Tuesday, February 27th, 2024


Episodic Pics

Like most people, I'm a victim of a shrinking attention span. My internet-addled brain has a harder time focusing on longform material like books, long articles, and the anecdotes, opinions, and personal asides shared by others. But so far, my attention hasn't been divided when it comes to TV series. But maybe that's just a sign of my age. My teenaged kids rarely want to watch a family movie because of its length and always check the duration a series episode before committing to a communal viewing session. Should we be worried that the younger generation is unable or unwilling to focus even on something entertaining and fun? Or should I be worried that my kids see spending 28 minutes staring at a screen with me as a bit too much we time? There's no time to worry. If you do, you're likely to miss several episodes of a newish form of TV. The episodes are short (like, two minutes) but plentiful. MIT Tech Review: China's next cultural export could be TikTok-style short soap operas. "It's easy to compare apps like these to Quibi, a high-profile video service that infamously failed after less than a year in 2020. But these latest Chinese apps are different. They don't aim for slick, expensive productions. Instead, they choose simple scripts, shoot an entire series in two weeks, market it heavily online, and move on to the next project if it doesn't stick."

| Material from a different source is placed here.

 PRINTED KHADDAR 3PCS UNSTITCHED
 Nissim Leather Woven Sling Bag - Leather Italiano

Make America Immigrate Again

"When a 22-year-old nursing student was found dead on a wooded trail at the University of Georgia in what's believed to be the first homicide on campus in nearly 30 years, it set off waves of grief and fear that shook the university to its core. But when a 26-year-old migrant from Venezuela was charged on Friday with kidnapping and murdering the student, Laken Riley, it did something else: It transformed Athens and Clarke County, a community of about 130,000 people some 70 miles east of Atlanta, into the latest flashpoint in the political fight over American immigration policy." NYT (Gift Article): Arrest of Migrant in Georgia Killing Turns City Into Latest Battleground on Immigration.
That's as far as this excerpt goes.